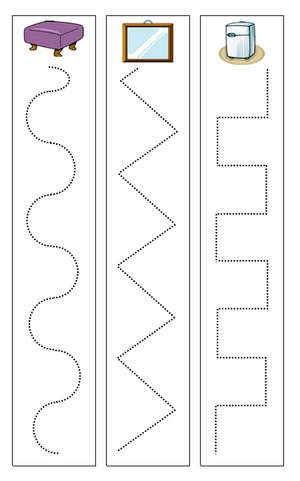 Household Items Cutting Work - Montessori Print Shop preschool cutting practice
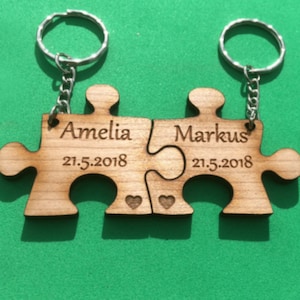 Personalised Keyrings Set of 2, To Celebrate An Anniversary, Wedding Present. A Great Gift For Couples, Valentine’s Gift For Him Or Her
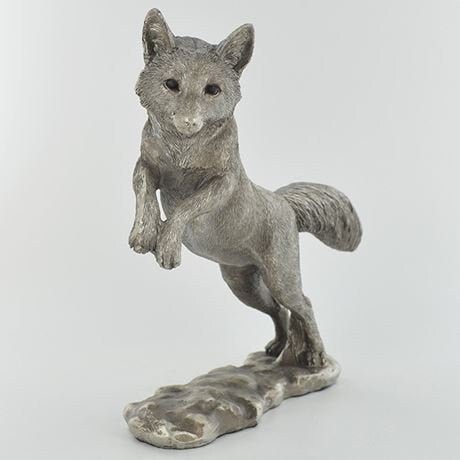 Antique silver fox figurine Shelf decor Birthday gift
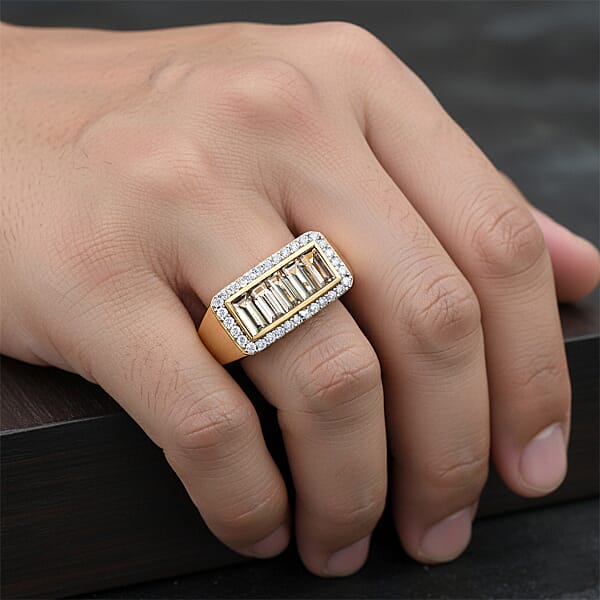 Shop Lc D'Joy Premium Turkizite And Moissanite 2.65 Ctw Victory Frame Men's Ring In 18K Vermeil Yellow Gold Over Sterling Silver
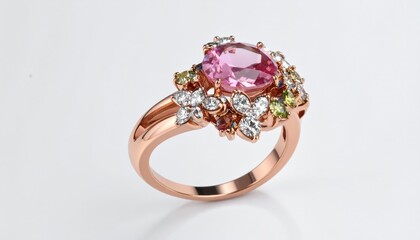 Elegant Rose Gold Ring With Pink Gemstone And Diamond Accents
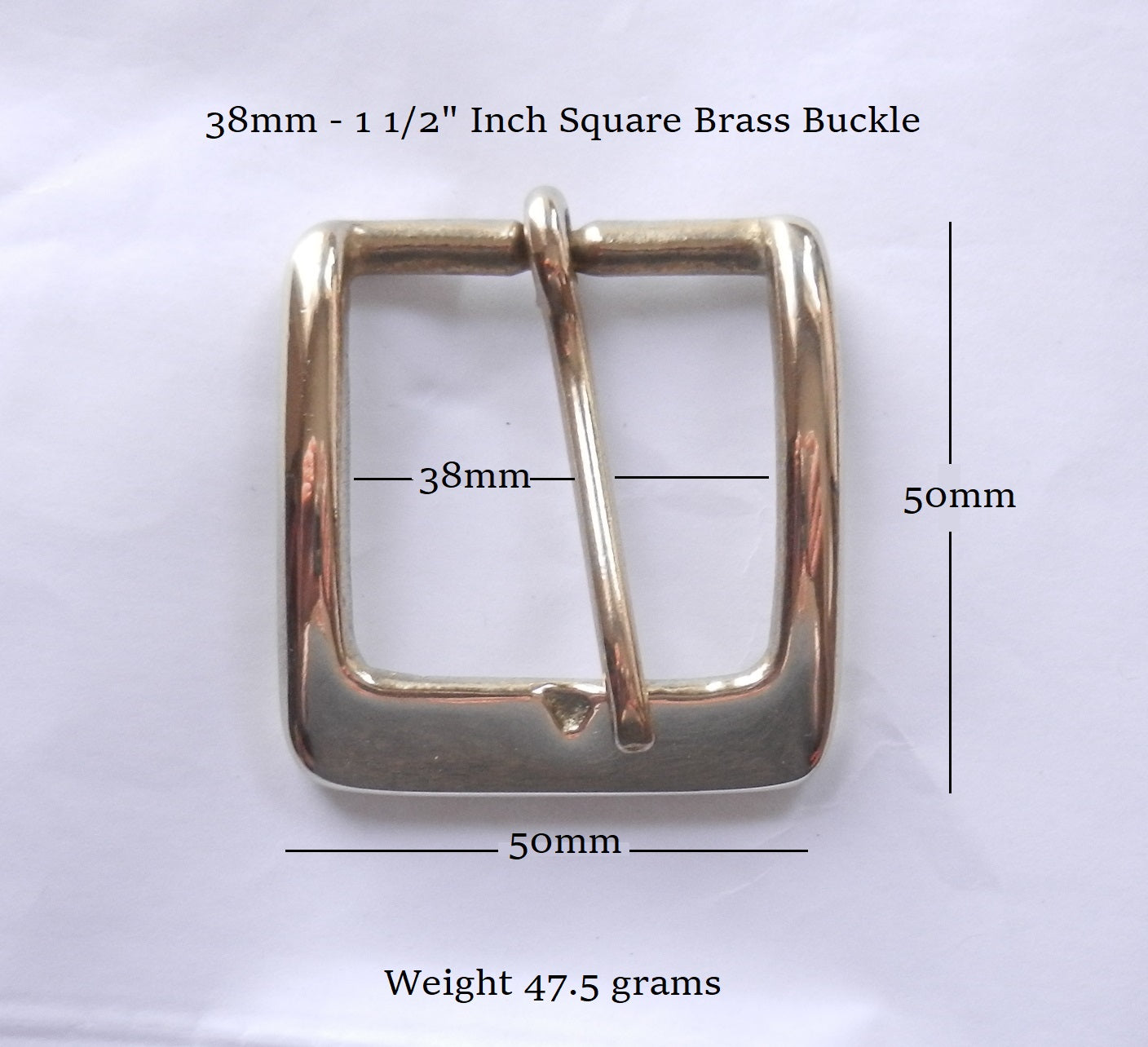 A square brass buckle that fits a 38mm - 1 1/2" inch wide strap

● **TASK REQUIREMENTS**: You need to restate all of the entries above exactly and leave the pictures behind.

● **WRITTEN ANSWER**:
 Household Items Cutting Work - Montessori Print Shop preschool cutting practice
 Personalised Keyrings Set of 2, To Celebrate An Anniversary, Wedding Present. A Great Gift For Couples, Valentine’s Gift For Him Or Her
 Antique silver fox figurine Shelf decor Birthday gift
 Shop Lc D'Joy Premium Turkizite And Moissanite 2.65 Ctw Victory Frame Men's Ring In 18K Vermeil Yellow Gold Over Sterling Silver
 Elegant Rose Gold Ring With Pink Gemstone And Diamond Accents
 A square brass buckle that fits a 38mm - 1 1/2" inch wide strap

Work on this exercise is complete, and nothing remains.